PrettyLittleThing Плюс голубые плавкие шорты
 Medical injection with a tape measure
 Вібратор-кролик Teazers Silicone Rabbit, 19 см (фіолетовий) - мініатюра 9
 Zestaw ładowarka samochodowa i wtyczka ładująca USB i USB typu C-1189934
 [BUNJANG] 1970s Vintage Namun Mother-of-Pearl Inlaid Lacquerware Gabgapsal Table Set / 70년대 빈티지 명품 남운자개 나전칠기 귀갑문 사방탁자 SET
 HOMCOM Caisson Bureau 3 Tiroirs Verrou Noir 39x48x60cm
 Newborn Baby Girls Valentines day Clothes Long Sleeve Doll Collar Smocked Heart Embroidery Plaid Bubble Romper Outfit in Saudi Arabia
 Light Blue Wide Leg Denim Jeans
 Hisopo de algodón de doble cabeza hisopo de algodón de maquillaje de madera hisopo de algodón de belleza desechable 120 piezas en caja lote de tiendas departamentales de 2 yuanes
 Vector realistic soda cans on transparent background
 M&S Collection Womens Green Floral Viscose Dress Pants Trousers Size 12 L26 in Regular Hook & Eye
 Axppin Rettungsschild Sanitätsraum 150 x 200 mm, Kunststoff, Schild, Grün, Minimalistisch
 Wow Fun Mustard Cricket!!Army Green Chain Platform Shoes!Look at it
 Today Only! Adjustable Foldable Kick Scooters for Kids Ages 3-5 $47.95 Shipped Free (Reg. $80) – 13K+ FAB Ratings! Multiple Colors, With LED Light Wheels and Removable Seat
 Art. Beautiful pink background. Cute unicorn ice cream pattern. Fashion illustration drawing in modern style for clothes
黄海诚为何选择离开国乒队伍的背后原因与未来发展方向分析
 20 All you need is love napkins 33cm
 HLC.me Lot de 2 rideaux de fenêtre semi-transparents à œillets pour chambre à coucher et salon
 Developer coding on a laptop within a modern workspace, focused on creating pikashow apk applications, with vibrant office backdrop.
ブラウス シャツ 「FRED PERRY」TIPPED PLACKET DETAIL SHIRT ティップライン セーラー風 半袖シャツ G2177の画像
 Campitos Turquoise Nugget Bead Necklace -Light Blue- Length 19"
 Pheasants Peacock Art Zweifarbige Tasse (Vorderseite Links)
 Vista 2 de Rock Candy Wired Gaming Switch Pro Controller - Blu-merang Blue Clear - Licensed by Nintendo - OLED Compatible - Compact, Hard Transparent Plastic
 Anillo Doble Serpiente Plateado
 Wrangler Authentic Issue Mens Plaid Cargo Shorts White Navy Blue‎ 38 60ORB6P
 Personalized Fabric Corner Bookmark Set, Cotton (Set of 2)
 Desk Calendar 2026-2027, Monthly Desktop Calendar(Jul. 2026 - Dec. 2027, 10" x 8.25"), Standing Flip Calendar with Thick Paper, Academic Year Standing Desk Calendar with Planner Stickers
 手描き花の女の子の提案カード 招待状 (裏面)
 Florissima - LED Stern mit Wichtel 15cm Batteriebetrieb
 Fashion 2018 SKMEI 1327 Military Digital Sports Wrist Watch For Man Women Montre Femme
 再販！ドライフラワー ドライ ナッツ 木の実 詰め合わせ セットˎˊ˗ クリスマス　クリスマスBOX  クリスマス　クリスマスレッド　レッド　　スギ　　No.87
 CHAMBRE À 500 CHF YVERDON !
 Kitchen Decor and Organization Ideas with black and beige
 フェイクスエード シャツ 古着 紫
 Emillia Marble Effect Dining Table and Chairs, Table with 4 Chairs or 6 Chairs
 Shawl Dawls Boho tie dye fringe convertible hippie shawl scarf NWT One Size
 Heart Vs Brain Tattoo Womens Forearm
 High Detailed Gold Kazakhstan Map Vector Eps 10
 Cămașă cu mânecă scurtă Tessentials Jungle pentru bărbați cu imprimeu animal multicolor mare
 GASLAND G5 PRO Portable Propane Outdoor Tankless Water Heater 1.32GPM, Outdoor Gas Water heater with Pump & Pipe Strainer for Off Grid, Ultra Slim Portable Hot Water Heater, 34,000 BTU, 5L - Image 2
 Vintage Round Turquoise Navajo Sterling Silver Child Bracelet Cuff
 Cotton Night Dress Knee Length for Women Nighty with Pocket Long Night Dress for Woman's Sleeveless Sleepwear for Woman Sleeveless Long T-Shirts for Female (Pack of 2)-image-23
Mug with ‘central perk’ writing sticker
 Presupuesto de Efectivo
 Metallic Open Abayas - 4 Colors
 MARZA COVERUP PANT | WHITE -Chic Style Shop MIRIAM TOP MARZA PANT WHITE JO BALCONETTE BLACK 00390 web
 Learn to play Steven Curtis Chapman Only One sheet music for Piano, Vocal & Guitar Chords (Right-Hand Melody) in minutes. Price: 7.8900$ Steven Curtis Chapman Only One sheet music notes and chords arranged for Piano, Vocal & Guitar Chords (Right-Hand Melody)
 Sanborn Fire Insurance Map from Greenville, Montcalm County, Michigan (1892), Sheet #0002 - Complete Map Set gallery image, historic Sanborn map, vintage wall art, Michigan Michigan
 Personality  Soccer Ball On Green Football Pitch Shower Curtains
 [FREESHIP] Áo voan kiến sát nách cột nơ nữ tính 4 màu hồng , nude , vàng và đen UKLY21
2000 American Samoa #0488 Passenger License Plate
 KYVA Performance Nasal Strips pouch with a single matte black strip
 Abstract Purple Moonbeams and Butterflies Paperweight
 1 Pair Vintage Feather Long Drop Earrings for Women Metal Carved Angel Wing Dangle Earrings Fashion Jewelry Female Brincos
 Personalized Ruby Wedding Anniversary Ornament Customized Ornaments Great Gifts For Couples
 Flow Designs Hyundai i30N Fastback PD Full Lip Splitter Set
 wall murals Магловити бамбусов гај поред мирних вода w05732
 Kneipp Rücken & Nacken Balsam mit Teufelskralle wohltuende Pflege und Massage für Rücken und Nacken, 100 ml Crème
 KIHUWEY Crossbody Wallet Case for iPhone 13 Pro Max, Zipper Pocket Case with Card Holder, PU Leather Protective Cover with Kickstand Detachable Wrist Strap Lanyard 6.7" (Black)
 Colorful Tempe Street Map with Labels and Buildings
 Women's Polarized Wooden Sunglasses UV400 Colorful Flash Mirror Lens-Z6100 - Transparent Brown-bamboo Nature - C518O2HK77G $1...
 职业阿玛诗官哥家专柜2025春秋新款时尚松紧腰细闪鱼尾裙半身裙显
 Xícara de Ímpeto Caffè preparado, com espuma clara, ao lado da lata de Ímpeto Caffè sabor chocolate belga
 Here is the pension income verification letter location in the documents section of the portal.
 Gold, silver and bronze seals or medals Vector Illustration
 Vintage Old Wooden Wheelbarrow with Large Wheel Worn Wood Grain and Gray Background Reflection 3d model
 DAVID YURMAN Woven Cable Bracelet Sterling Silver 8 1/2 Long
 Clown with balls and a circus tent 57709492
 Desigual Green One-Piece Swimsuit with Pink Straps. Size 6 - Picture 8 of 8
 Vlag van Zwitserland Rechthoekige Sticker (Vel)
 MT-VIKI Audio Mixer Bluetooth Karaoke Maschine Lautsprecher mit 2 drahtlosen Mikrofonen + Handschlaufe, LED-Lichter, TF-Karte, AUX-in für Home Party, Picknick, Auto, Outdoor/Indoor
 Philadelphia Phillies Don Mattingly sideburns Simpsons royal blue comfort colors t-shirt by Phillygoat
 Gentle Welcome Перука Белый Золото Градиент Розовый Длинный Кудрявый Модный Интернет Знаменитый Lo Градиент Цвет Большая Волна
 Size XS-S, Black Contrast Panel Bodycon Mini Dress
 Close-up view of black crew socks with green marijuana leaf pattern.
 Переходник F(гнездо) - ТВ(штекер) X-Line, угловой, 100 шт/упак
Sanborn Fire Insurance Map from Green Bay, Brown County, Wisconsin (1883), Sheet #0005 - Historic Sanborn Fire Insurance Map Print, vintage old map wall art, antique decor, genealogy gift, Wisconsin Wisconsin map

■ What you have to do
Out of the entries above, write out only the lines between the line holding "[BUNJANG] 1970s Vintage" and the line holding "HOMCOM Caisson Bureau", inclusive, each exactly as given.

■ Solution for this exercise
 [BUNJANG] 1970s Vintage Namun Mother-of-Pearl Inlaid Lacquerware Gabgapsal Table Set / 70년대 빈티지 명품 남운자개 나전칠기 귀갑문 사방탁자 SET
 HOMCOM Caisson Bureau 3 Tiroirs Verrou Noir 39x48x60cm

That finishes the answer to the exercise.